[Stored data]
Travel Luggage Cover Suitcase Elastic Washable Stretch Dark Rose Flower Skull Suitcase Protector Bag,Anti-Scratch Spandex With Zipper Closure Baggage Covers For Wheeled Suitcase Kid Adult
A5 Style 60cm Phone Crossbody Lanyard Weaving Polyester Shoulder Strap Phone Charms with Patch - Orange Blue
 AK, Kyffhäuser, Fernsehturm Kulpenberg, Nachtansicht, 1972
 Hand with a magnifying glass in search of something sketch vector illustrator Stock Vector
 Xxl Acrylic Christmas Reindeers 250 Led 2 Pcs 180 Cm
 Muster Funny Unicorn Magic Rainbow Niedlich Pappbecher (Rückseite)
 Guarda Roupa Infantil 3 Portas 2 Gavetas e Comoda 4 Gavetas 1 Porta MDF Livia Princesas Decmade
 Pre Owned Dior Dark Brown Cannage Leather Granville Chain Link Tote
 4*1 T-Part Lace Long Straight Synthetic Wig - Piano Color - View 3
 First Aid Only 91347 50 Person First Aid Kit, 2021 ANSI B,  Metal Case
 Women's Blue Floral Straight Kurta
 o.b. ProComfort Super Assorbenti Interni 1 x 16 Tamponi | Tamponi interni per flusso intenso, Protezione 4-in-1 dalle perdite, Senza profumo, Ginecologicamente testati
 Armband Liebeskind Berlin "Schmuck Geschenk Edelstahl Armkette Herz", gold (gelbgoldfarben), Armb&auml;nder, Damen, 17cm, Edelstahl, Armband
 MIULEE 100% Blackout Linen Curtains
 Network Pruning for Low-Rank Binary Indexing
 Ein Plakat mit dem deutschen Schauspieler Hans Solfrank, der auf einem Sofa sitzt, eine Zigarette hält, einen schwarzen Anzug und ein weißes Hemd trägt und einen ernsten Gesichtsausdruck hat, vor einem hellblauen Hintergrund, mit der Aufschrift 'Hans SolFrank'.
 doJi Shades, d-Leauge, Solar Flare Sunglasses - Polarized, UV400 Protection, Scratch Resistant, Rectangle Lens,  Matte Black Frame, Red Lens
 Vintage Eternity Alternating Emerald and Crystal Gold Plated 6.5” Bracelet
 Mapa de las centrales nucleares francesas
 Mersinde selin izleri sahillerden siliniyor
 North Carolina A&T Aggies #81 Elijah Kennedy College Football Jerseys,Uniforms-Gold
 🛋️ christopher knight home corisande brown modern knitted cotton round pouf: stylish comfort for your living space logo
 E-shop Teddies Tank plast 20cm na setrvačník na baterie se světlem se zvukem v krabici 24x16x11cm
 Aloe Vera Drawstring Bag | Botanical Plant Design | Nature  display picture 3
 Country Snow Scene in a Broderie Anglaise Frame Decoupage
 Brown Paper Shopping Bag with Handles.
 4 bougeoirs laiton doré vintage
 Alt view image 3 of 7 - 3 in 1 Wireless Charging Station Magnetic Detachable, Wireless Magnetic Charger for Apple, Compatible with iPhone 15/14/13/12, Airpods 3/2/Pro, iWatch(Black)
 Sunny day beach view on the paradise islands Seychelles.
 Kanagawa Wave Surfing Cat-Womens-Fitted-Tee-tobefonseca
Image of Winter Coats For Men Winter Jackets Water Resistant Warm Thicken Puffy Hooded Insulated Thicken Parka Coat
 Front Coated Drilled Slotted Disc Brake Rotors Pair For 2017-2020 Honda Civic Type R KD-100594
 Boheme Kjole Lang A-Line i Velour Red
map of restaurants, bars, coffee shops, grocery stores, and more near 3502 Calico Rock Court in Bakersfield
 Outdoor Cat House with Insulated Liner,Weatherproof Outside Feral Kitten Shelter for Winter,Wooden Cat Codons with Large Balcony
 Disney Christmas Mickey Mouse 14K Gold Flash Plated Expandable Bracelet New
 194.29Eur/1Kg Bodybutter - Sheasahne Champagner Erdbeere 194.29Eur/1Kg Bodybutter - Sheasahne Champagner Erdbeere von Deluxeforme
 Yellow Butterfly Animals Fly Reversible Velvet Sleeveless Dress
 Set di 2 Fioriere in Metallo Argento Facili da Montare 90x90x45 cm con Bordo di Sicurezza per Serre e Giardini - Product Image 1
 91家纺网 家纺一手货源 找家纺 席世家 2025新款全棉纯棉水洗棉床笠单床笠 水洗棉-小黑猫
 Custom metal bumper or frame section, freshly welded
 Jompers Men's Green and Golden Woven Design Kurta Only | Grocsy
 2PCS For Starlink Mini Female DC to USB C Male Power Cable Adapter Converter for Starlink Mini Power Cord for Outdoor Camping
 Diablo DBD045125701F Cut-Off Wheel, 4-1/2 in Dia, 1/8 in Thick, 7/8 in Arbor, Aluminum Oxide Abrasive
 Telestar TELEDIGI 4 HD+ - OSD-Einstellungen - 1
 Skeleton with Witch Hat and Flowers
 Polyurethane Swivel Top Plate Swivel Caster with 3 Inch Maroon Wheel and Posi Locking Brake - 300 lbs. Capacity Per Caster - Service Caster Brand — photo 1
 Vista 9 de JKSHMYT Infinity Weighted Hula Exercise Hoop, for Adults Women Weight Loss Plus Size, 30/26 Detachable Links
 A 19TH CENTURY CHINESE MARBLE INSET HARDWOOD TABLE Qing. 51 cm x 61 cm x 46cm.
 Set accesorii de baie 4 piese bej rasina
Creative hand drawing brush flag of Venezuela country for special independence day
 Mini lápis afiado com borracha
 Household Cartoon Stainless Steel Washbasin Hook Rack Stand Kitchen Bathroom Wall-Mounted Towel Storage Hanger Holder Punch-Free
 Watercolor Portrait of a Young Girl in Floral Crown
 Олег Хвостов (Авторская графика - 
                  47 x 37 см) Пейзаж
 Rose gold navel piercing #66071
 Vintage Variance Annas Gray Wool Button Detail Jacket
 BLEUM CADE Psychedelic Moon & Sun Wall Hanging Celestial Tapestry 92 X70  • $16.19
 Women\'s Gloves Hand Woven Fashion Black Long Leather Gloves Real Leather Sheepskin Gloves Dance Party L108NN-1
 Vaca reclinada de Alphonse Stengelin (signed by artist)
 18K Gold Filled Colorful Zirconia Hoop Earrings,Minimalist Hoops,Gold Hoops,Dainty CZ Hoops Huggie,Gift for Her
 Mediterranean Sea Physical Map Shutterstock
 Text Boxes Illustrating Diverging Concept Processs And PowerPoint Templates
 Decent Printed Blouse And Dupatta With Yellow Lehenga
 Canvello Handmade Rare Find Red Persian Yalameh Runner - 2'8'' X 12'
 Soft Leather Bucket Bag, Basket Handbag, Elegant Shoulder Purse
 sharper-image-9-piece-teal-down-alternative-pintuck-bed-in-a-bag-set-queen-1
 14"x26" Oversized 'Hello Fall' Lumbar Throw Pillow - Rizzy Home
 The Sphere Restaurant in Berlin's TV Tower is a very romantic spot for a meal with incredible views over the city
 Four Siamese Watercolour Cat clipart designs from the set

◆ HOW TO COMPLETE THIS TASK ◆
Every line from above should appear again in the answer, exactly as written.

◆ SOLUTION TO THIS EXERCISE ◆
Travel Luggage Cover Suitcase Elastic Washable Stretch Dark Rose Flower Skull Suitcase Protector Bag,Anti-Scratch Spandex With Zipper Closure Baggage Covers For Wheeled Suitcase Kid Adult
A5 Style 60cm Phone Crossbody Lanyard Weaving Polyester Shoulder Strap Phone Charms with Patch - Orange Blue
 AK, Kyffhäuser, Fernsehturm Kulpenberg, Nachtansicht, 1972
 Hand with a magnifying glass in search of something sketch vector illustrator Stock Vector
 Xxl Acrylic Christmas Reindeers 250 Led 2 Pcs 180 Cm
 Muster Funny Unicorn Magic Rainbow Niedlich Pappbecher (Rückseite)
 Guarda Roupa Infantil 3 Portas 2 Gavetas e Comoda 4 Gavetas 1 Porta MDF Livia Princesas Decmade
 Pre Owned Dior Dark Brown Cannage Leather Granville Chain Link Tote
 4*1 T-Part Lace Long Straight Synthetic Wig - Piano Color - View 3
 First Aid Only 91347 50 Person First Aid Kit, 2021 ANSI B,  Metal Case
 Women's Blue Floral Straight Kurta
 o.b. ProComfort Super Assorbenti Interni 1 x 16 Tamponi | Tamponi interni per flusso intenso, Protezione 4-in-1 dalle perdite, Senza profumo, Ginecologicamente testati
 Armband Liebeskind Berlin "Schmuck Geschenk Edelstahl Armkette Herz", gold (gelbgoldfarben), Armb&auml;nder, Damen, 17cm, Edelstahl, Armband
 MIULEE 100% Blackout Linen Curtains
 Network Pruning for Low-Rank Binary Indexing
 Ein Plakat mit dem deutschen Schauspieler Hans Solfrank, der auf einem Sofa sitzt, eine Zigarette hält, einen schwarzen Anzug und ein weißes Hemd trägt und einen ernsten Gesichtsausdruck hat, vor einem hellblauen Hintergrund, mit der Aufschrift 'Hans SolFrank'.
 doJi Shades, d-Leauge, Solar Flare Sunglasses - Polarized, UV400 Protection, Scratch Resistant, Rectangle Lens,  Matte Black Frame, Red Lens
 Vintage Eternity Alternating Emerald and Crystal Gold Plated 6.5” Bracelet
 Mapa de las centrales nucleares francesas
 Mersinde selin izleri sahillerden siliniyor
 North Carolina A&T Aggies #81 Elijah Kennedy College Football Jerseys,Uniforms-Gold
 🛋️ christopher knight home corisande brown modern knitted cotton round pouf: stylish comfort for your living space logo
 E-shop Teddies Tank plast 20cm na setrvačník na baterie se světlem se zvukem v krabici 24x16x11cm
 Aloe Vera Drawstring Bag | Botanical Plant Design | Nature  display picture 3
 Country Snow Scene in a Broderie Anglaise Frame Decoupage
 Brown Paper Shopping Bag with Handles.
 4 bougeoirs laiton doré vintage
 Alt view image 3 of 7 - 3 in 1 Wireless Charging Station Magnetic Detachable, Wireless Magnetic Charger for Apple, Compatible with iPhone 15/14/13/12, Airpods 3/2/Pro, iWatch(Black)
 Sunny day beach view on the paradise islands Seychelles.
 Kanagawa Wave Surfing Cat-Womens-Fitted-Tee-tobefonseca
Image of Winter Coats For Men Winter Jackets Water Resistant Warm Thicken Puffy Hooded Insulated Thicken Parka Coat
 Front Coated Drilled Slotted Disc Brake Rotors Pair For 2017-2020 Honda Civic Type R KD-100594
 Boheme Kjole Lang A-Line i Velour Red
map of restaurants, bars, coffee shops, grocery stores, and more near 3502 Calico Rock Court in Bakersfield
 Outdoor Cat House with Insulated Liner,Weatherproof Outside Feral Kitten Shelter for Winter,Wooden Cat Codons with Large Balcony
 Disney Christmas Mickey Mouse 14K Gold Flash Plated Expandable Bracelet New
 194.29Eur/1Kg Bodybutter - Sheasahne Champagner Erdbeere 194.29Eur/1Kg Bodybutter - Sheasahne Champagner Erdbeere von Deluxeforme
 Yellow Butterfly Animals Fly Reversible Velvet Sleeveless Dress
 Set di 2 Fioriere in Metallo Argento Facili da Montare 90x90x45 cm con Bordo di Sicurezza per Serre e Giardini - Product Image 1
 91家纺网 家纺一手货源 找家纺 席世家 2025新款全棉纯棉水洗棉床笠单床笠 水洗棉-小黑猫
 Custom metal bumper or frame section, freshly welded
 Jompers Men's Green and Golden Woven Design Kurta Only | Grocsy
 2PCS For Starlink Mini Female DC to USB C Male Power Cable Adapter Converter for Starlink Mini Power Cord for Outdoor Camping
 Diablo DBD045125701F Cut-Off Wheel, 4-1/2 in Dia, 1/8 in Thick, 7/8 in Arbor, Aluminum Oxide Abrasive
 Telestar TELEDIGI 4 HD+ - OSD-Einstellungen - 1
 Skeleton with Witch Hat and Flowers
 Polyurethane Swivel Top Plate Swivel Caster with 3 Inch Maroon Wheel and Posi Locking Brake - 300 lbs. Capacity Per Caster - Service Caster Brand — photo 1
 Vista 9 de JKSHMYT Infinity Weighted Hula Exercise Hoop, for Adults Women Weight Loss Plus Size, 30/26 Detachable Links
 A 19TH CENTURY CHINESE MARBLE INSET HARDWOOD TABLE Qing. 51 cm x 61 cm x 46cm.
 Set accesorii de baie 4 piese bej rasina
Creative hand drawing brush flag of Venezuela country for special independence day
 Mini lápis afiado com borracha
 Household Cartoon Stainless Steel Washbasin Hook Rack Stand Kitchen Bathroom Wall-Mounted Towel Storage Hanger Holder Punch-Free
 Watercolor Portrait of a Young Girl in Floral Crown
 Олег Хвостов (Авторская графика - 
                  47 x 37 см) Пейзаж
 Rose gold navel piercing #66071
 Vintage Variance Annas Gray Wool Button Detail Jacket
 BLEUM CADE Psychedelic Moon & Sun Wall Hanging Celestial Tapestry 92 X70  • $16.19
 Women\'s Gloves Hand Woven Fashion Black Long Leather Gloves Real Leather Sheepskin Gloves Dance Party L108NN-1
 Vaca reclinada de Alphonse Stengelin (signed by artist)
 18K Gold Filled Colorful Zirconia Hoop Earrings,Minimalist Hoops,Gold Hoops,Dainty CZ Hoops Huggie,Gift for Her
 Mediterranean Sea Physical Map Shutterstock
 Text Boxes Illustrating Diverging Concept Processs And PowerPoint Templates
 Decent Printed Blouse And Dupatta With Yellow Lehenga
 Canvello Handmade Rare Find Red Persian Yalameh Runner - 2'8'' X 12'
 Soft Leather Bucket Bag, Basket Handbag, Elegant Shoulder Purse
 sharper-image-9-piece-teal-down-alternative-pintuck-bed-in-a-bag-set-queen-1
 14"x26" Oversized 'Hello Fall' Lumbar Throw Pillow - Rizzy Home
 The Sphere Restaurant in Berlin's TV Tower is a very romantic spot for a meal with incredible views over the city
 Four Siamese Watercolour Cat clipart designs from the set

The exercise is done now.